■ **Provided information**
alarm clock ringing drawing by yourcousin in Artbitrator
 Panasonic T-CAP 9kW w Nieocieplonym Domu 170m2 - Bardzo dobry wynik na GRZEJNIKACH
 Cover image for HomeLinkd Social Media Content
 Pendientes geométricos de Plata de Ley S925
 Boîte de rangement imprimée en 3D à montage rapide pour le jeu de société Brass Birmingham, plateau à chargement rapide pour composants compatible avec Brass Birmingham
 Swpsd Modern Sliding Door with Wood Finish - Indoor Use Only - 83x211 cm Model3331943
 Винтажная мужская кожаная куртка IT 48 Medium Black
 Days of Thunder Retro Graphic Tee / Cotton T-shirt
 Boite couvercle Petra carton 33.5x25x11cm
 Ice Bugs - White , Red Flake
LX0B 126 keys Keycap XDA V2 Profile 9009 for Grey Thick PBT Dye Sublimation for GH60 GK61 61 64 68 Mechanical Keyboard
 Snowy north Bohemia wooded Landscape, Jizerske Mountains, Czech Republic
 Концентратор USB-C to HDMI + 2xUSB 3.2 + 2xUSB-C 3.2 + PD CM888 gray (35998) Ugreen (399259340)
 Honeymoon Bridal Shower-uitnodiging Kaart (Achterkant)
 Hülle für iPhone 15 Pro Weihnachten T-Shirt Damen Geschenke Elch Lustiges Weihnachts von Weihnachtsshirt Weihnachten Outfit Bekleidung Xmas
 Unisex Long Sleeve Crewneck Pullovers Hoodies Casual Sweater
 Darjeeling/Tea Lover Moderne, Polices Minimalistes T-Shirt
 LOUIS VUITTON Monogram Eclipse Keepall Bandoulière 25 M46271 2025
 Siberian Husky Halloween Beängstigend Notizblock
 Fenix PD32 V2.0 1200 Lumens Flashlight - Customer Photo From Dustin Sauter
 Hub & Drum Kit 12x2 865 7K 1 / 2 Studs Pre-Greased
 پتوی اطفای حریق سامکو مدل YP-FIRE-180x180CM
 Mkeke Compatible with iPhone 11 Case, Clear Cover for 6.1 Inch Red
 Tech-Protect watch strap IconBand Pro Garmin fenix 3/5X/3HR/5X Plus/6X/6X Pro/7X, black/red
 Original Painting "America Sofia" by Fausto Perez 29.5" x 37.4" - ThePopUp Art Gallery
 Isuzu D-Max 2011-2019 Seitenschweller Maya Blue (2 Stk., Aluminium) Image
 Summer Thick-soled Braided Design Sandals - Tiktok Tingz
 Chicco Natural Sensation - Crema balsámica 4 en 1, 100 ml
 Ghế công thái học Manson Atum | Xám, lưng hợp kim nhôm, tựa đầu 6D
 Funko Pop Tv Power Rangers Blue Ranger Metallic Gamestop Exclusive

■ **Work to be completed**
What is needed is an exact copy of all the data above.

■ **Exercise output**
alarm clock ringing drawing by yourcousin in Artbitrator
 Panasonic T-CAP 9kW w Nieocieplonym Domu 170m2 - Bardzo dobry wynik na GRZEJNIKACH
 Cover image for HomeLinkd Social Media Content
 Pendientes geométricos de Plata de Ley S925
 Boîte de rangement imprimée en 3D à montage rapide pour le jeu de société Brass Birmingham, plateau à chargement rapide pour composants compatible avec Brass Birmingham
 Swpsd Modern Sliding Door with Wood Finish - Indoor Use Only - 83x211 cm Model3331943
 Винтажная мужская кожаная куртка IT 48 Medium Black
 Days of Thunder Retro Graphic Tee / Cotton T-shirt
 Boite couvercle Petra carton 33.5x25x11cm
 Ice Bugs - White , Red Flake
LX0B 126 keys Keycap XDA V2 Profile 9009 for Grey Thick PBT Dye Sublimation for GH60 GK61 61 64 68 Mechanical Keyboard
 Snowy north Bohemia wooded Landscape, Jizerske Mountains, Czech Republic
 Концентратор USB-C to HDMI + 2xUSB 3.2 + 2xUSB-C 3.2 + PD CM888 gray (35998) Ugreen (399259340)
 Honeymoon Bridal Shower-uitnodiging Kaart (Achterkant)
 Hülle für iPhone 15 Pro Weihnachten T-Shirt Damen Geschenke Elch Lustiges Weihnachts von Weihnachtsshirt Weihnachten Outfit Bekleidung Xmas
 Unisex Long Sleeve Crewneck Pullovers Hoodies Casual Sweater
 Darjeeling/Tea Lover Moderne, Polices Minimalistes T-Shirt
 LOUIS VUITTON Monogram Eclipse Keepall Bandoulière 25 M46271 2025
 Siberian Husky Halloween Beängstigend Notizblock
 Fenix PD32 V2.0 1200 Lumens Flashlight - Customer Photo From Dustin Sauter
 Hub & Drum Kit 12x2 865 7K 1 / 2 Studs Pre-Greased
 پتوی اطفای حریق سامکو مدل YP-FIRE-180x180CM
 Mkeke Compatible with iPhone 11 Case, Clear Cover for 6.1 Inch Red
 Tech-Protect watch strap IconBand Pro Garmin fenix 3/5X/3HR/5X Plus/6X/6X Pro/7X, black/red
 Original Painting "America Sofia" by Fausto Perez 29.5" x 37.4" - ThePopUp Art Gallery
 Isuzu D-Max 2011-2019 Seitenschweller Maya Blue (2 Stk., Aluminium) Image
 Summer Thick-soled Braided Design Sandals - Tiktok Tingz
 Chicco Natural Sensation - Crema balsámica 4 en 1, 100 ml
 Ghế công thái học Manson Atum | Xám, lưng hợp kim nhôm, tựa đầu 6D
 Funko Pop Tv Power Rangers Blue Ranger Metallic Gamestop Exclusive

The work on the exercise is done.